File Photo / The Sundial

Laura Mendez

Dr. Raquel Kennon, assistant CSUN professor, welcomes students at the Pan African Booth at the Black History Month Fair on Wedneday. Photo credit: Devon Patel / Daily Sundial

In honor of black history month, there will be a free special screening of the documentary “Nana Dijo,” which focuses on the marginalization of Afro-Latino people in the U.S. and Latin America.

Raquel Kennon, Africana studies professor, said the documentary is about decolonizing our notions of race and identity.

“I very much encourage all students to come,” Kennon said. “This film discusses intersectional identity. It’s a topic that isn’t often discussed.”

Kennon also said the film sheds light on what it means to have an intersectional identity.
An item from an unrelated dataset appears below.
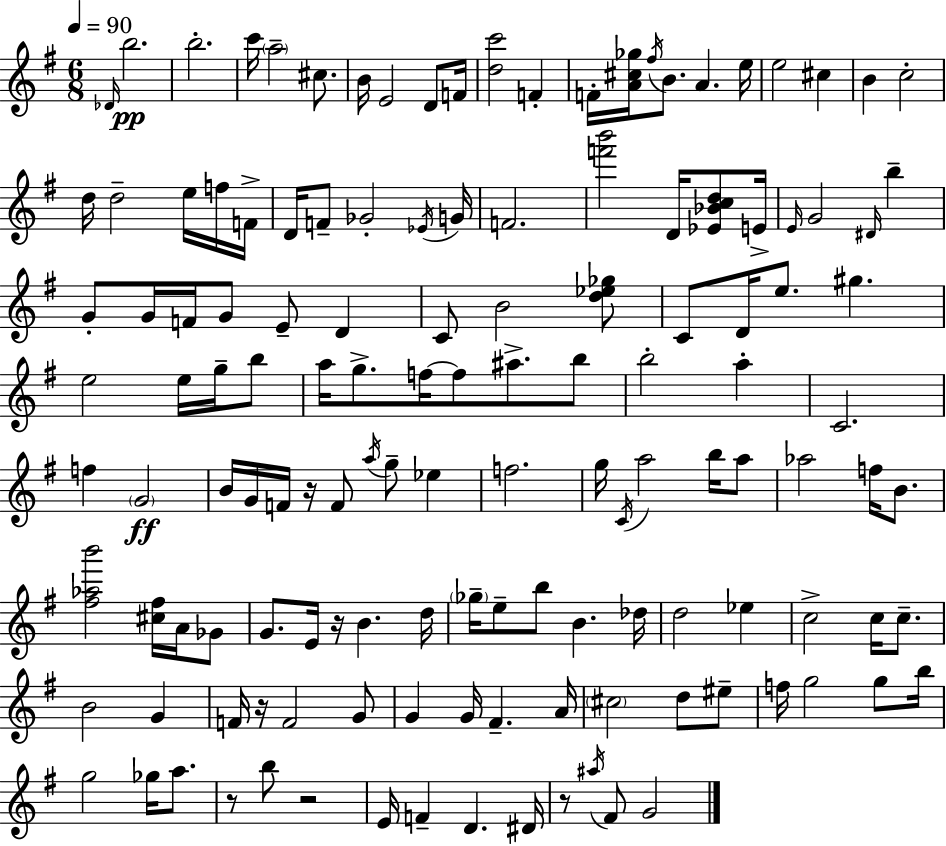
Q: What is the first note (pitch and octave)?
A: Db4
Having an intersectional identity, according to Kennon, generates a feeling that someone does not belong in one group or another and can often lead to isolation.
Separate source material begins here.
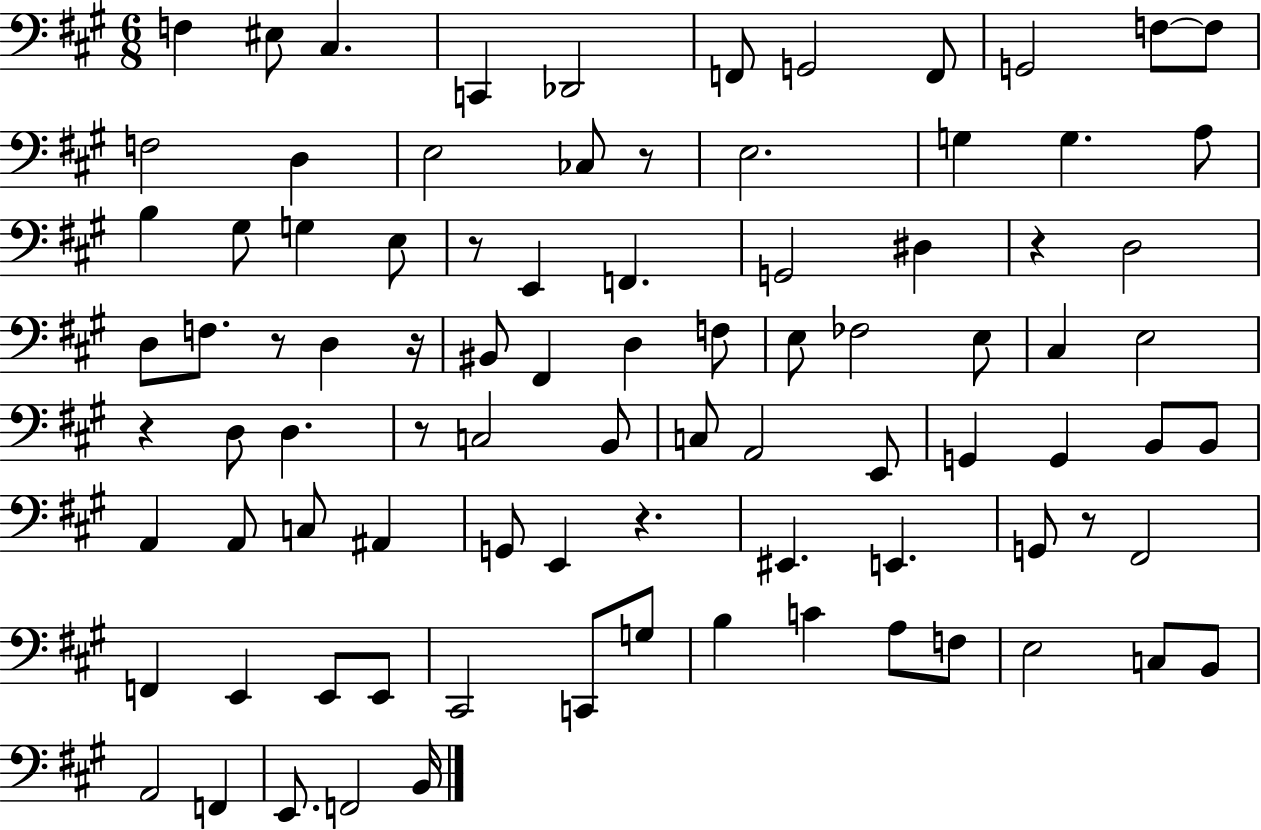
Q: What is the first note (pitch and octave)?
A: F3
There will be a special guest appearance by Bocafloja, director of the film.

Bocafloja is a 38-year-old multi-disciplinary artist who grew up in Mexico City and utilizes hip-hop to create awareness to social issues.

Lyrically, Bocafloja addresses topics such as institutionalized racism and social oppression.

He also created Quilomboarte, an initiative to create networks of solidarity between artists and people who have been systematically oppressed.

Christine Khrlobian, liberal studies major, was the student that insisted for Bocafloja to attend the film screening.

“I met Bocafloja 6 months ago,” Khrlobian said. “The Mexican consulate was screening his film and told him that I was going to find a way to bring him to CSUN.”

Khrlobian finds the film to be informative and said students would benefit from watching it.

“He’s a rapper originally who was part of a movement in the 90s of a new style of hip hop,” Khrlobian said. “His art whether is poetry whether its rapping or anything else it’s always discussing issues that the black and brown community. He raises a lot of controversial questions in any art form,”

“Nana Dijo” provides viewers with intimate accounts of people whose lives have been defined by societies preconceived notions of what being black means.

“Maybe you’re not from the black or brown community and you don’t feel like you can relate,” Khrlobian said. “This event is so timely with what we’re experiencing with our new president. This event will create an environment where you can socialize with people from different backgrounds and enjoy food.”

She explained that the term ‘Blaxican’ is not a word that is widespread.

“It’s a term that is more popular in southern California,” Khrlobian said. “It’s a word that refers to someone that’s from black and Mexican descent.”

John Paul Nuño, history professor, said that the film introduces viewers to different terms relating to Anglo-Latinos.

“Blaxicans is a term that I personally had not heard,” Nuño said. “The terms that I’ve heard are Afro-mestizo, Afro-Latino and these are folks that have an African and Latin American heritage.”

Nuño explains that films like “Nana Dijo” help shed light on the history of a group that would otherwise be ignored.

“It’s kind of an area of history that has been untold. The history of Afro-mestizo is slowly becoming one that’s being told and projects like these are helping.”